VW will Durststrecke in China mit Ralf Brandstätter überwinden
VW will Durststrecke in China mit Ralf Brandstätter beenden
Von Carsten Steevens, Hamburg
Volkswagen spricht von einer Durststrecke in China. Lokale und neue Konkurrenten bestimmen die von Rabattschlachten geprägte Stromer-Szene im weltgrößten Automarkt. Der mit einem Anteil von 22% amtierende Marktführer im nach wie vor rentablen Geschäft mit Verbrennerfahrzeugen hat den Anschluss im Zukunftssegment der Elektrofahrzeuge bislang nicht geschafft.
Auf Schrumpfkurs
Zahlen veranschaulichen die Misere: Die Auslieferungen der Wolfsburger sind in China von 4,2 Millionen Fahrzeuge vor Beginn der Coronakrise auf 2,9 Millionen Fahrzeuge im vergangenen Jahr gesunken. Nach einem Minus von 9,5% im vorigen Turnus schrumpften die Auslieferungen in den ersten sechs Monaten 2025 um 2,3% auf 1,3 Millionen Fahrzeuge. Der Rückgang bei reinen E-Autos lag zuletzt allein bei fast 35%. Auf China entfallen damit aber immer noch rund 30% des VW-Konzernabsatzes weltweit. Die Gewinne der chinesischen Joint Ventures rutschen ebenfalls ab: von 5,2 Mrd. Euro vor zehn Jahren auf 1,7 Mrd. Euro im vorigen Jahr. 2025 erwartet VW ein anteiliges operatives Ergebnis von 500 Mill. bis 1 Mrd. Euro.Vor diesem Hintergrund hat der VW-Aufsichtsrat unlängst den Vertrag von Ralf Brandstätter als Mitglied im Konzernvorstand bis Ende Juli 2028 verlängert. Der 56-Jährige ist seit dem Sommer 2022 für das Geschäft in China verantwortlich. Seitdem arbeitet der gebürtige Braunschweiger an der Stärkung der Wettbewerbsfähigkeit von VW in China – bei Technologien und bei Kosten. „In China, für China“, lautet die Devise. Mit dem Aufbau lokaler Entwicklungskapazitäten und -kompetenzen sowie durch Partnerschaften mit chinesischen High-Tech-Firmen und Herstellern habe man inzwischen „eine tiefe Integration der eigenen Fahrzeugentwicklung in das lokale Ökosystem geschafft“, heißt es im Konzern.
Resonanz gibt Hoffnung
Fahrzeuge würden mit modernster Technologie 30% schneller als bisher und – unter Wahrung hoher Standards bei Qualität und Sicherheit – mit bis zu 40% niedrigeren Kosten entwickelt. Dadurch will VW mit dem Wettbewerb gleichziehen. Neu entwickelte Produkte und Technologien, zugeschnitten auf Wünsche chinesischer Kunden, sollen ab Ende 2025 auf den Markt kommen. Erste „in China, für China“ entwickelte Fahrzeuge der Marke VW sowie der neuen China-exklusiven Marke AUDI fanden Beobachtern zufolge auf der Branchenmesse „Auto Shanghai“ im April großen Anklang. Die Vertragsverlängerung für Brandstätter sei insofern wohl als Anerkennung dessen zu verstehen, was strategisch in den vergangenen drei Jahren auf den Weg gebracht und bei der Automesse gezeigt worden sei.

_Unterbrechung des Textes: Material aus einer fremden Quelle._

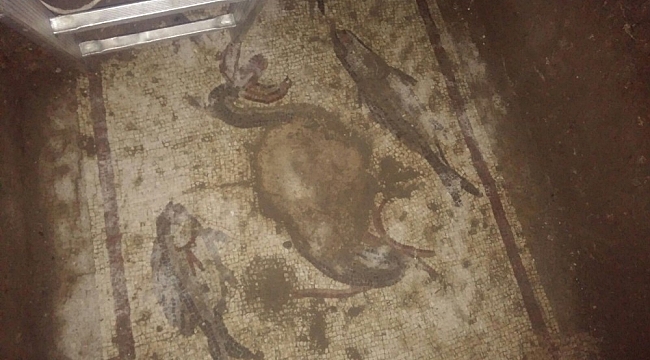 Tarsus'taki kaçak kazıdan balık ve kuşlu mozaik çıktı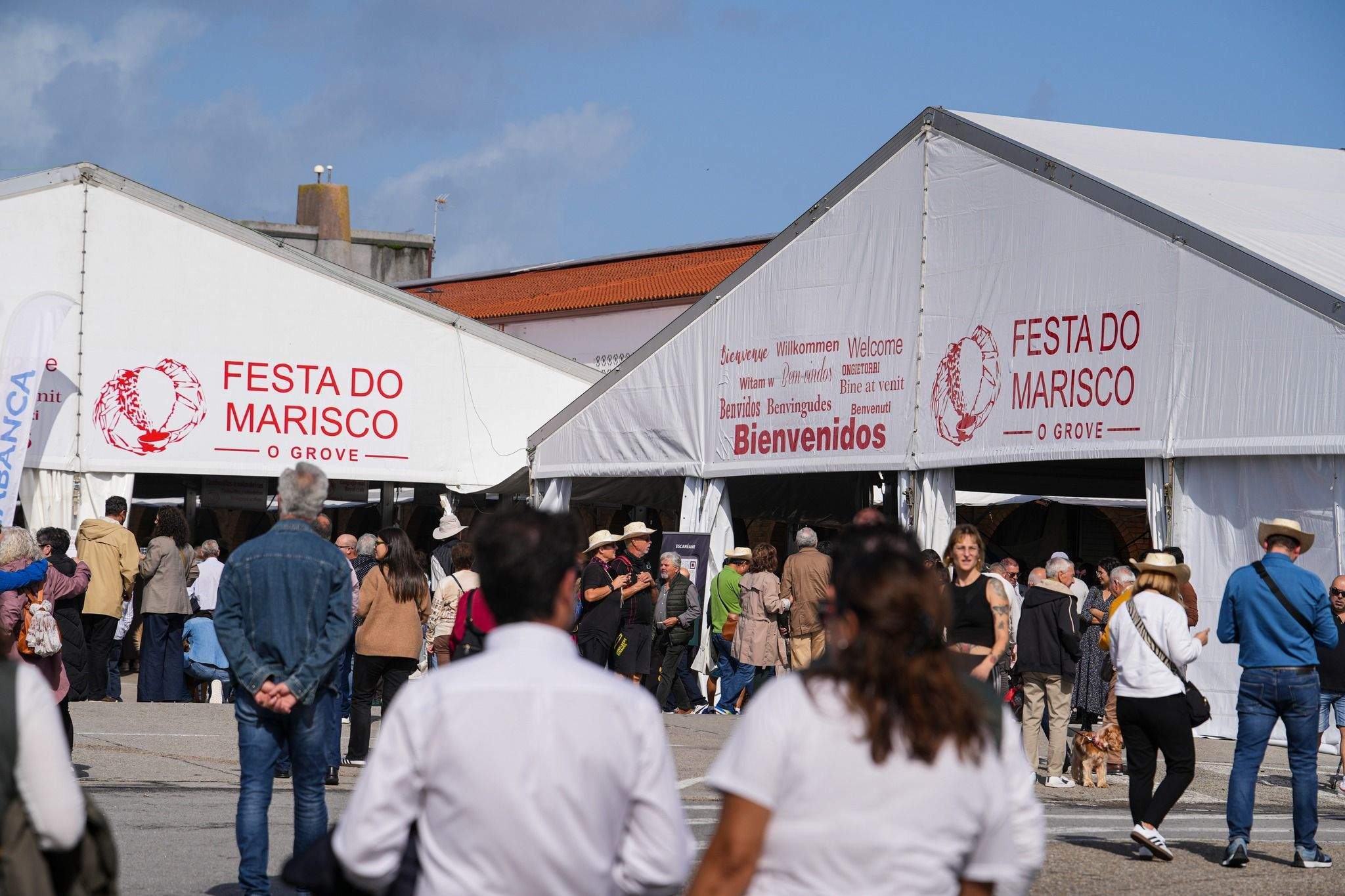 Imagen: festa-do-marisco-grove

Der Erfolg der Strategie in Chinas E-Mobilitätsmarkt, in dem aus Wolfsburger Sicht ein irrationaler Preiskampf zwischen mehr als 130 Marken stattfindet – aus dem sich VW nach eigenen Angaben aber heraushält – muss sich freilich noch erweisen. Angekündigt wird die größte Produktoffensive in der über 40-jährigen Historie von VW in China. Bis 2030 wollen die Konzernmarken rund 50 sogenannte New Energy Vehicles anbieten.
Im Umfeld von Brandstätter, der 1993 zu VW kam und vor seinem Wechsel nach China die Konzernmarke Volkswagen Pkw führte, gibt man sich zuversichtlich. Im chinesischen Automarkt, der aktuellen Prognosen zufolge in den nächsten fünf Jahren um 5 auf etwa 28 Millionen Fahrzeuge wachsen wird, traut sich der Konzern 2030 einen Absatz von 3,5 bis 4 Millionen Fahrzeugen zu – „bei entsprechender Profitabilität“. Bis 2027 soll das anteilige operative Ergebnis der Joint Ventures auf 2 Mrd. Euro steigen.